Parents and school administrators alike fear it has become harder to maintain boundaries when teachers routinely give out their cellphone numbers to talk about homework. And a new generation of teachers has grown up communicating primarily through the Internet or texting, where divisions between work and private life easily blur.
“This is an American problem more than a Maplewood problem,” said Kate McCaffrey, the mother of a Columbia High School student here who alerted school officials last spring when she heard that the teacher arrested in September, Nicole Dufault, had sent naked pictures of herself to a student on Snapchat.
“The teachers say to the students, ‘Any problem, feel free to call me.’ ”
“The children are living in this social media world that the adults don’t get,” Ms. McCaffrey added.
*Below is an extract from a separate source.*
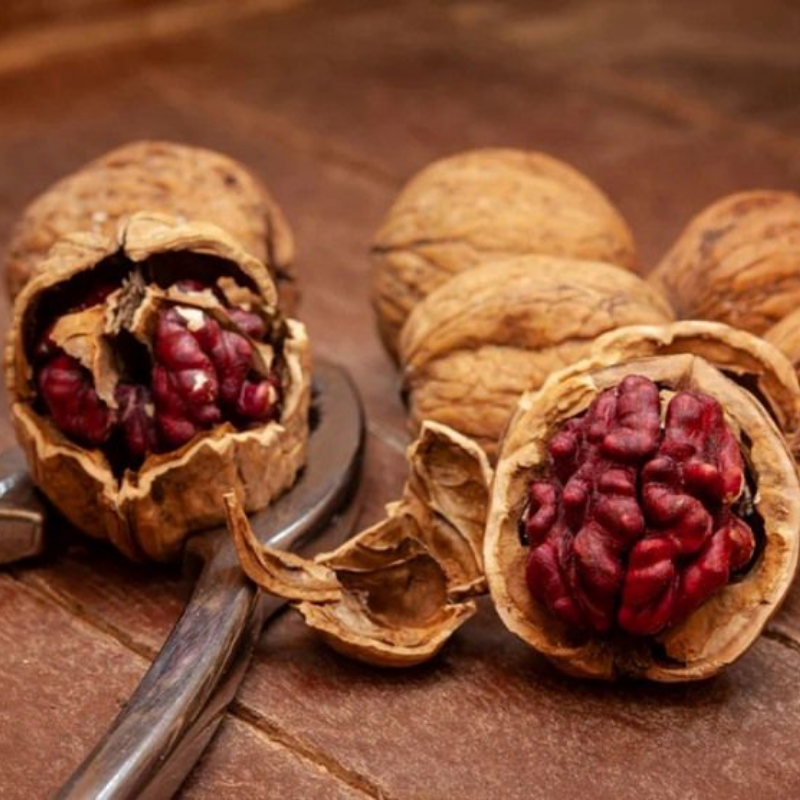 26971_171_20251106102923-3.png Quả Óc Chó Ruột Đỏ Tách Vỏ 230g - Hộp Tròn Nhỏ Hộp Quà Tết 2026 - QOCTVHTN230G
Texting and social media have made it easier for teachers to get directly to students, but they can also make sexual misconduct easier to prosecute. In Maplewood and in Brooklyn, parents have used the cases to argue how hard it is to get rid of bad teachers. But tenured teachers can be fired for immoral conduct, and texts and videos can make that plain.
“The Internet allows things that were previously hidden and hard to see to come to light,” said David Finkelhor, the director of the Crimes Against Children Research Center at the University of New Hampshire.
“In the old days, if the inappropriate activities started with the gym teacher putting his hands on the student’s breasts, if she was uncomfortable and went to tell somebody about it, it might not go anywhere, or he would say, ‘No, she was mistaken.’ If he sends a picture of himself in his underwear or says something sexually provocative in a text exchange, that’s easier to prosecute and easier for the young people or their parents to bring to official attention.”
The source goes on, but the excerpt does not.